Mortgage down payments are no joke in Canada. Home prices are hitting their ceilings in many areas, and the federal government has just imposed shorter amortization periods for homebuyers who don’t have the full 20 per cent. So then, it may come as no surprise that the biggest lender of zero-down mortgages in Canada has pulled this product from their mortgage offering shelves.

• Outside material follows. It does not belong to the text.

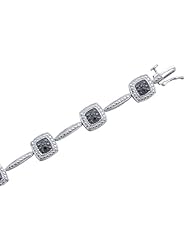 925 Sterling Silver 0.25ctw Black Diamond Bracelet
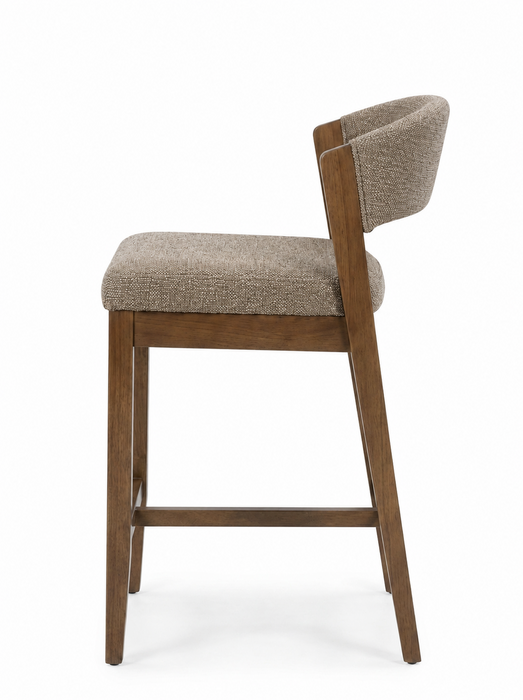 Gia Counter-Height Stool with Polyester Leather Fabric, 24\"H – Brown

It was late last week when Scotiabank announced that they were pulling their zero-down mortgage. This mortgage allowed a homebuyer to purchase a property with as little as a 5 per cent down payment. So far, this is something that any homebuyer can do still today, at almost any lender. But with a zero-down mortgage, you don’t actually need to have a 5 per cent down payment. Instead, you can take out two loans at the time you take out your mortgage. One loan will be to cover the purchase of the home, and this will be amortized over 25 years (if you only have a 5 per cent down payment.) The second loan will be the loan for the down payment; and you will typically have 5 years to pay this loan back.

Scotiabank was one of the few lenders in Canada that offered these loans, but they were the biggest. There are currently two others offering zero-down mortgages, but it remains to be seen how long these lenders will continue offering these products. Especially in today’s environment when the government is trying to stem consumer borrowing as much as possible.

Zero down mortgages were first brought to the market in order to help homebuyers who had impeccable credit but were having trouble saving for a down payment. However, they also have a lot of drawbacks, which is most likely why Scotia has pulled them.

Because these mortgages have less than the required 20 per cent down, the homeowner will also need to take out mortgage insurance. And on zero down mortgages, these fees are typically higher than they are with other mortgages. The interest attached to the mortgage principal is also often higher on zero-down mortgages.

Another large drawback that often comes with zero down mortgages is that you typically can’t refinance or renew for usually at least 2 years with this kind of mortgage. This is because you won’t have the equity built up in the property (down payments provide a significant amount of equity) and so, you won’t have any bargaining power should you want to change your mortgage.

Also, because you won’t have any equity right away coming in the form of a down payment, the risk to the lender increases significantly. It’s usually this down payment that the lender can fall back on to collect should you default on the mortgage loan. Without it though, the lender only has mortgage insurance to protect them. Because of this, qualification criteria for zero down mortgages are extremely strict, with only a small percentage of the population being eligible for them.

Scotiabank isn’t the first lender to pull zero-down mortgages from the products they offer. And, with down payments becoming such a serious issue across Canada, they probably won’t be the last either!